Uno, insomma, agli antipodi del mondo nel quale lei era abituata a muoversi, però sarà proprio lui l’unico superstite che le sarà possibile recuperare da quei suoi anni, dopo il distacco da Emma e da David (che si congederà da lei con un post-it) al compimento del loro ciclo di studi. In Nicolas, che diversi anni più tardi dividerà con lei un suo breve acuminato periodo, ritroverà la concretezza e l’etica nei comportamenti di uno che aveva preferito chiudere il night ereditato dal padre per non trasformarlo in un bordello. Ma siamo ormai nella seconda parte del romanzo, significativamente intitolata Nel tempo, dove una Sofia di trentacinque anni (giunta quindi nel mezzo del cammin di nostra vita), dopo una laurea in materie scientifiche, dopo un matrimonio breve per il decesso del marito, esercitata quindi con completezza ai distacchi, capovolge il senso di marcia della narrazione, cessando di occuparsi dell’incombente, promettente e dilatato futuro della prima parte per volgersi all’indietro, a riconsiderare il luminoso periodo quando i loro «destini erano programmati, destini di buoni propositi che ci apparivano lunghi come l’infinito. Era[no] simili a orologi senza lancette, allora, incapaci di pensare a quanto può essere crudele il tempo» (p. 26).
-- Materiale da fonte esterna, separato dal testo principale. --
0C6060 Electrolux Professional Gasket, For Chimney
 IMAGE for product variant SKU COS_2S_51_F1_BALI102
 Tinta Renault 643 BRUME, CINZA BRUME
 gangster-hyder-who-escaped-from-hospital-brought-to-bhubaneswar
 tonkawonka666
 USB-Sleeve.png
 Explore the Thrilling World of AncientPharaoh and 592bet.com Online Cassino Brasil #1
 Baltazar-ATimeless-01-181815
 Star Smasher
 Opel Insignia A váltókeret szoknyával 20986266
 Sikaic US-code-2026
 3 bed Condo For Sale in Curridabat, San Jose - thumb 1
Il tempo dunque, la sua percezione, costituiscono il nucleo della riflessione che pervade l’intero romanzo, assieme all’identificazione dell’adolescenza come età dell’oro alla quale (ricordate l’incipit) la protagonista è sopravvissuta.

La storia, assieme all’eleganza di una scrittura limpida e pregnante, di rara efficacia, è tale che si chiude con un lieve disagio il volume dopo avervi letto l’ultima pagina, e il riporlo nello scaffale diviene per il lettore un altro, ennesimo, esercizio di distacco.